Il est presque difficile de parler de tennis à l’issue de cette finale qui, par sa fébrilité mutuelle, a parfois rappelé la finale de l’US Open 2020 perdue par Zverev contre Dominic Thiem. Ni Alcaraz, ni Zverev n’ont joué à leur meilleur niveau en dehors de quelques points. Mais Alcaraz – qui a globalement eu du mal à conserver son service sur la durée du match – a choisi ses moments, son cinquième set ayant été le plus dense de sa partie en coups gagnants et en montées inspirées, comme en demi-finale.
Si chacun des deux a eu ses périodes où il a été plutôt récompensé pour son agressivité, c’est au final celui qui possède la palette la plus large, eut le plus de courage et de chance qui a gagné la rencontre.
Le service d’Alcaraz corrigé par l’arbitre, tournant du match ?
Le tournant a probablement eu lieu à 2-1 Alcaraz au cinquième set. L’Espagnol venait de breaker, mais Zverev, à 0-40, s’est vu revenir à 2-2. A 15-40, la deuxième balle d’Alcaraz, servie sur le T, a été annoncée faute, annonce corrigée par l’arbitre de chaise Renaud Lichtenstein, en accord avec l’impression visuelle par la plupart des personnes avec qui nous avons échangé (la ligne semble avoir été blanchie) mais en contradiction avec le hawk eye qui indique une balle sortie d’un millimètre… espace qui constitue sa marge d’erreur.

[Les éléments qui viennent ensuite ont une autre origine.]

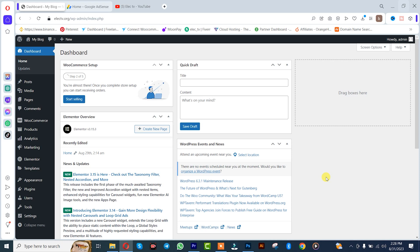Hi guys, it's Mokube here. In today's tutorial I'll be showing you guys how to add Google AdSense code in your WordPress website. Let's get into the video. The first thing is that you simply need to go to plugins.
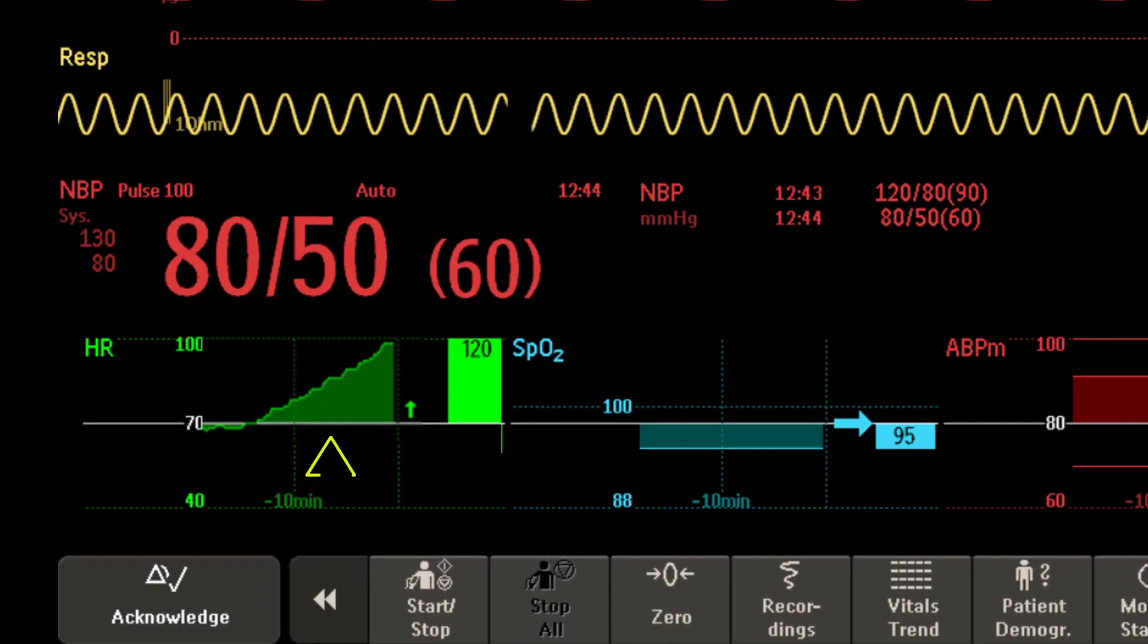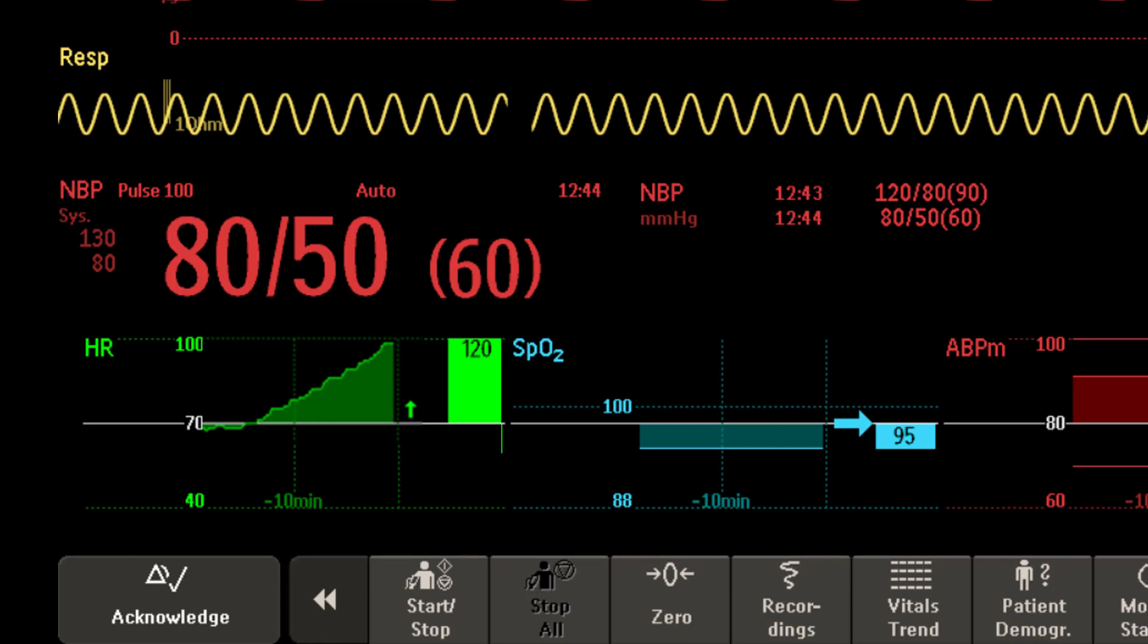You can see a graphical trend, a trend indicator arrow, and a deviation bar. The trend arrow indicates how the patient trend has developed over a set time period.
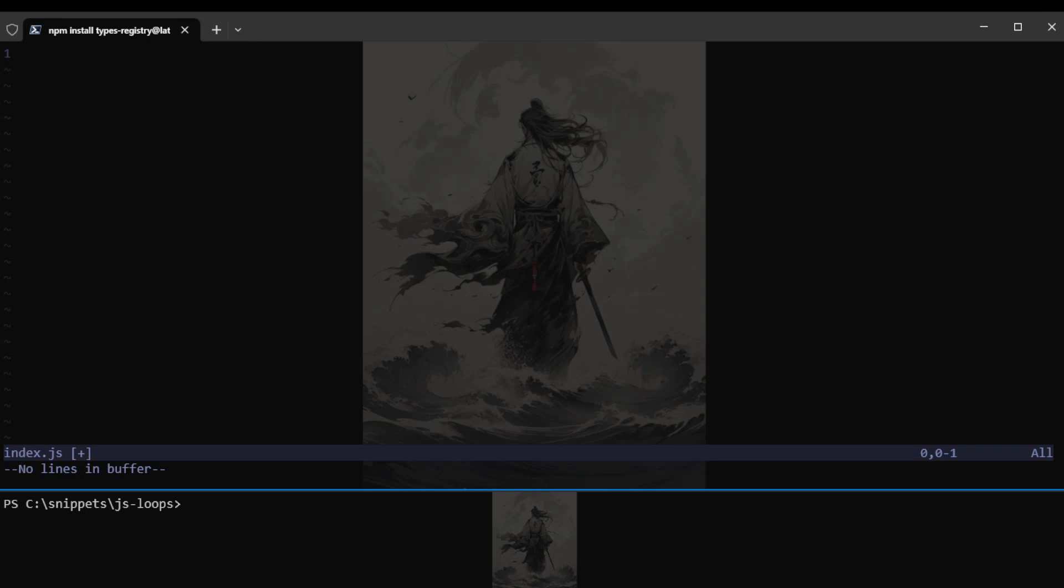Hello guys and welcome to another video. Today we will learn about loops in JavaScript, their basics, and how we can make one ourselves.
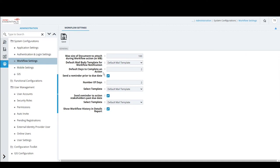Default Days to Complete an Action — currently set to two. This is not an enforcing mechanism but a guideline indicating how many days a stakeholder has to complete a workflow action. It can be overridden when performing the actual action in the workflow pop-up, where you can specify a different number of days, add a message, and attach additional documents.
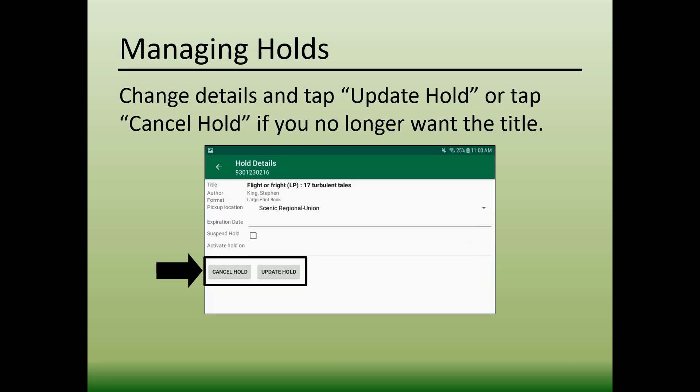If you need to edit your hold, change any of this information and then tap Update Hold.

Dans ce jeu, Alcaraz a sauvé quatre balles de break, mais il a mené 3-1, et sut conserver – et même amplifier – son avance jusqu’à convertir sa première balle de match sur son service.

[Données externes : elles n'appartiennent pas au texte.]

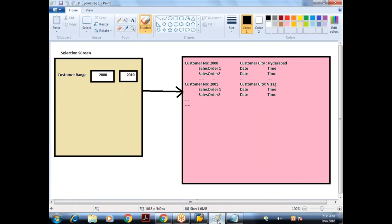This is the requirement. I want a selection screen where we need to read the range of customer numbers. Whenever I execute this, I should get the customer data as well as the sales order data. The input I am going to give is customer number from the KN1 table, and on executing this I should display the data which includes customer data as well as the sales order header data.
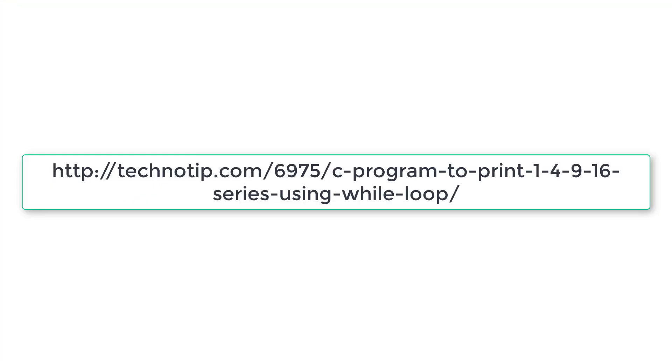So please visit the link present in the description section of this YouTube video for source code, notes and discussion about this topic. Please stay subscribed to our YouTube channel and blog. Share this video with your friends online. And please do not forget to like this video on YouTube. Thank you.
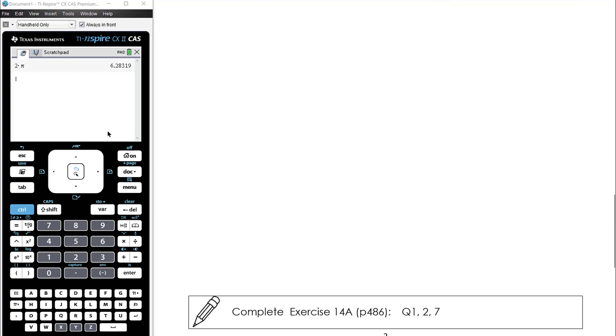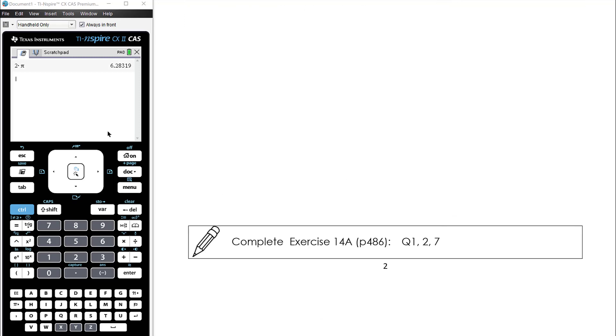The work for today is just a small amount — Exercise 14a.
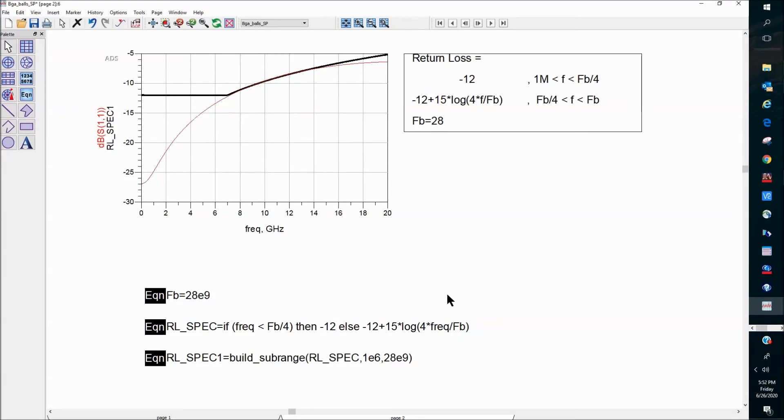So that's how we can add frequency-dependent specification lines into a plot in ADS display window. Thank you.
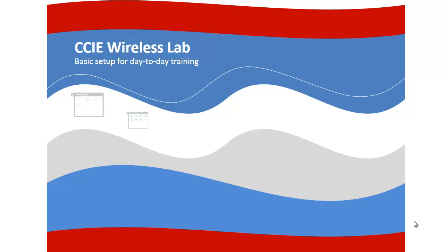Hi, I am Jerome from Fastlane. Welcome to this series on CCIE Wireless V2. In this short video, I would like to offer some suggestions for a basic lab setup that you could build at home to train for the CCIE Wireless Lab.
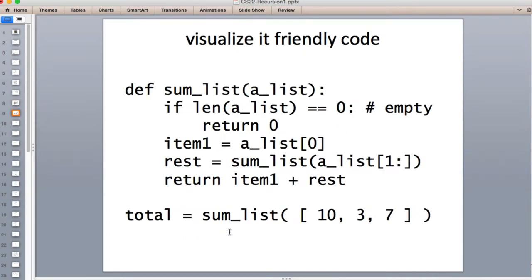I've made another version of this that's a little friendlier for visualizing, because we're going to run it in the Python visualizer. It's basically the same algorithm — we test that the list is empty and return zero. But we have variables that store the intermediate results: we store the first item in 'item' and the smaller sliced list in 'rest'. Then we return item one plus the sum of the rest of the list. When we run this in the visualizer, we can see what all these variables are because it only shows you what's in the variables.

Deux fois, Alcaraz a encaissé un 5-0 dans la partie, ce qui lui a coûté les deux sets. La première fois, il est passé de 2-1 en sa faveur à 6-2 Zverev au deuxième set. La seconde fois, de 5-2 pour lui à 7-5 contre lui au troisième. Tout autre joueur aurait perdu pied face à de telles séries dans un tel contexte. Pas Alcaraz, qui appartient décidément à une autre catégorie de joueurs.
Blessé au bras pendant quasiment toute la saison sur terre – il a fait l’impasse sur Rome – Alcaraz remporte le deuxième titre de sa saison après Indian Wells. Parmi toutes les composantes de la panoplie des champions, il en a conforté deux pendant ce Roland-Garros : la faculté à gagner en étant loin de son meilleur niveau, manifeste en demie et en finale, et une vitesse d’apprentissage extraordinaire. Il y a six mois à Turin, démantelé brutalement par Novak Djokovic en demi-finale, il était en train de se prendre en place face les exigences de son statut et traînait encore ce spleen à Melbourne, à l’Open d’Australie, où il avait été écarté en quart de finale par… Alexander Zverev. Ces bad vibes ont été balayées en trois semaines à Paris.
L’Allemand, revenu à son meilleur niveau deux ans après sa grave blessure à la cheville sur ce court Chatrier, reste probablement le meilleur joueur en activité à ne pas avoir soulevé de trophée du Grand Chelem. Alcaraz était à peine majeur quand il a laissé derrière lui ce possible destin. Le gamin de Murcie est aujourd’hui en avance sur les temps de passage de Nadal en Grand Chelem.